Posted by Pax em 02/05/2010

O pior Congresso brasileiro de todos os tempos tem pauta própria, regida principalmente pelos interesses patrimonialistas da maioria dos péssimos congressistas que elegemos e de seus presidentes, Câmara e Senado, que representam um passado a ser superado.

O povo brasileiro quer Saúde, Educação, Segurança Pública e outras necessidades básicas em que o Estado falha em atender, mas é eficiente e impiedoso ao exigir os tributos que sustentam uma máquina pesada e ineficiente.

A sociedade começa a se aperceber de onde vem boa parte da falha do Estado que detém o controle dos cofres abastados e é incapaz de fazer o erário chegar de volta a própria sociedade: a ditadura da corrupção que assola o país e destrói o sonho da construção de um Brasil melhor.

Esta constatação produziu o Movimento de Combate à Corrupção Eleitoral, MCCE, que elaborou o Projeto de Lei Ficha Limpa.

Os opositores ao projeto, que se olhados com lupa têm complicações em suas próprias fichas como motivação, usam argumentos falhos e determinam às suas massas de manobra a tarefa logística da contra-informação. O principal deles é acusar o Ficha Limpa de inconstitucional, pois feriria o princípio de presunção de inocência.

É uma argumentação sem fundamento na medida em que, segundo o Juiz Eleitoral Marlon Reis, coordenador do MCCE:

“O princípio só se aplica ao direito penal e a nenhum outro campo do direito. No direito do trabalho não se aplica. No direito ambiental, a inocência tem de ser provada pelo acusado. Se formos aplicar a presunção da inocência no direito ambiental, só 20 anos depois poderia haver repressão a quem provocou um crime. Por que se aplicaria ao eleitoral? São interesses de poderosos. E o princípio aqui é um artigo da Constituição que não está sendo inventado. É o texto frio da Constituição que autorizou o Congresso a legislar sobre isso. Não é justo que a sociedade pague o preço de ter essa pessoa como candidato, é preciso acender a luz amarela da legislação eleitoral”.

A voz do povo é mais forte que os tais poderosos citados pelo juiz Marlon. O Ficha Limpa já está com mais de 1.940.000 assinaturas. Quando o projeto foi encaminhado para a CCJ – Comissão de Constituição e Justiça da Câmara para ser desconfigurado – ou impedido – houve um novo movimento de envio de e-mails para os deputados de todos os estados e produziu um efeito histórico, que se acresce ao também histórico projeto, hoje raro na sociedade brasileira, que é legislar em sua causa diretamente na medida que seus representantes estão impregnados pelo corporativismo pouco elogiável. E este efeito foi que centenas de deputados assinaram o pedido de urgência que não tinham assinado e o projeto vai ao plenário da Câmara nesta próxima terça, dia 04 de maio.

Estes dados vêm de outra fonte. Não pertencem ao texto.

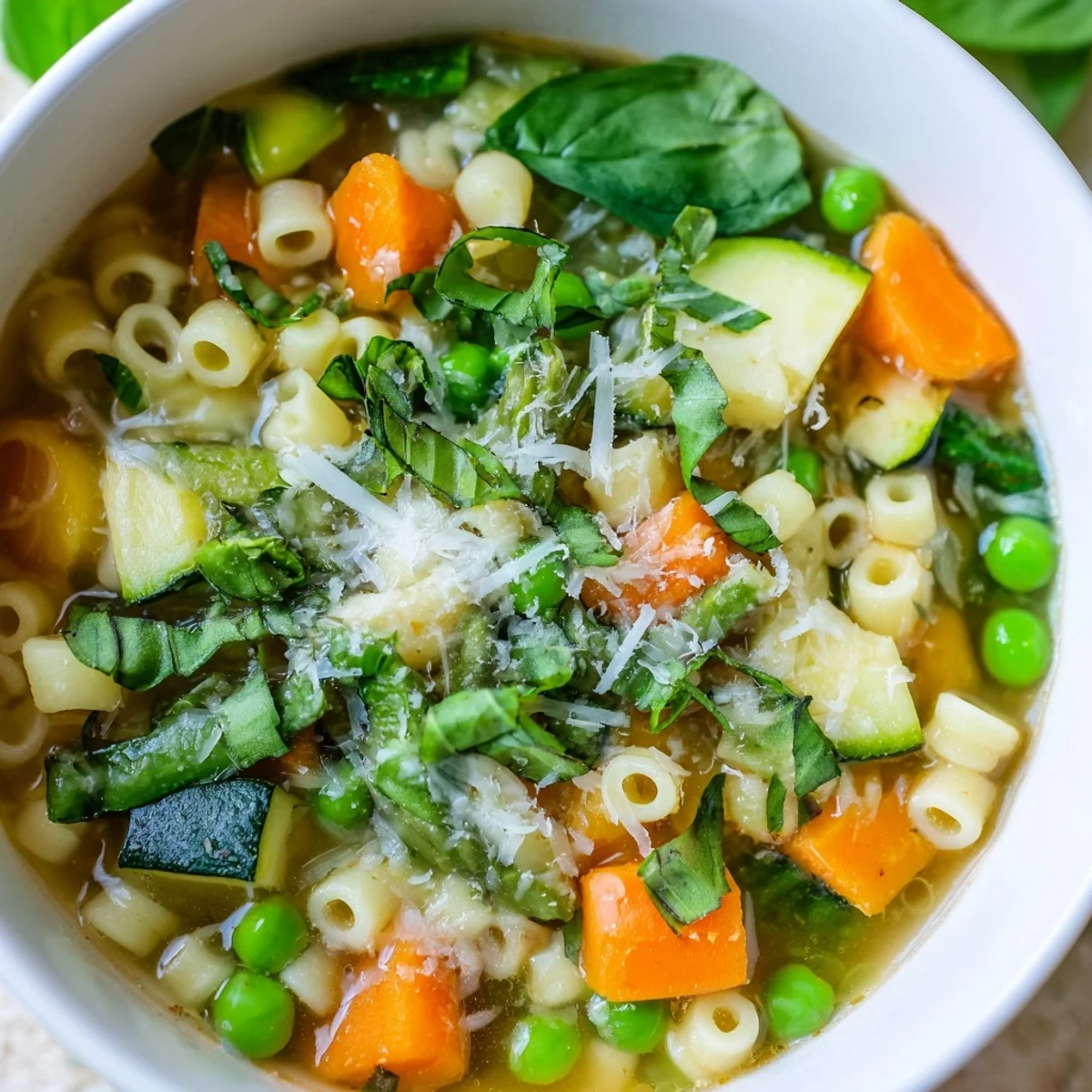 Hearty spring minestrone soup with diced carrots, asparagus pieces and baby spinach in vegetable broth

A principal oposição ao Ficha Limpa está na base governista. Mas vários deputados do próprio PT já se rebelaram contra a determinação da sua direção e declararam apoio ao projeto, entendendo que o partido deveria olhar suas vísceras e extirpar seus próprios vírus e vícios. Vale aqui lembrar que Gilberto de Carvalho, assessor direto de Lula, afirmou tempos atrás que o pior que aconteceu com o partido foi ter permitido que “o vício da corrupção entrasse no partido”.

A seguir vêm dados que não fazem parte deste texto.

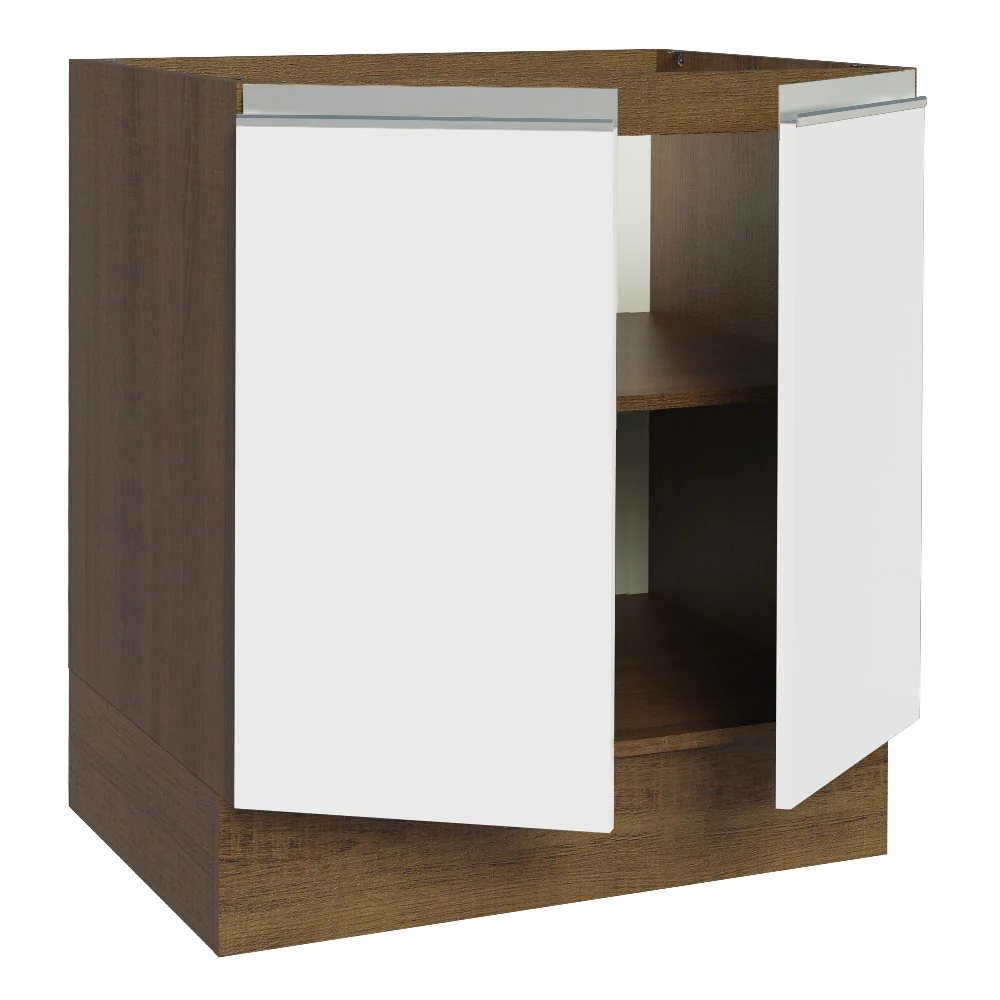 Balcão Cozinha 70 x 60 cm 2 Portas (Sem Tampo) Rustic/Branco Glamy Madesa - Image 5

O PT já deu vários tiros no pé. Oxalá não dê mais um na próxima terça ao não engordar a lista dos que já se opuseram à parte da direção que parece querer legislar em causa própria nesta questão.

Vale lembrar que a pauta da sociedade sobre o tema da corrupção não acabará com a eventual derrota do projeto. A ojeriza aos assaltantes dos cofres públicos não tende a se acalmar e muito menos se calar. Mais que isso, tende a ser refletida nas urnas em outubro.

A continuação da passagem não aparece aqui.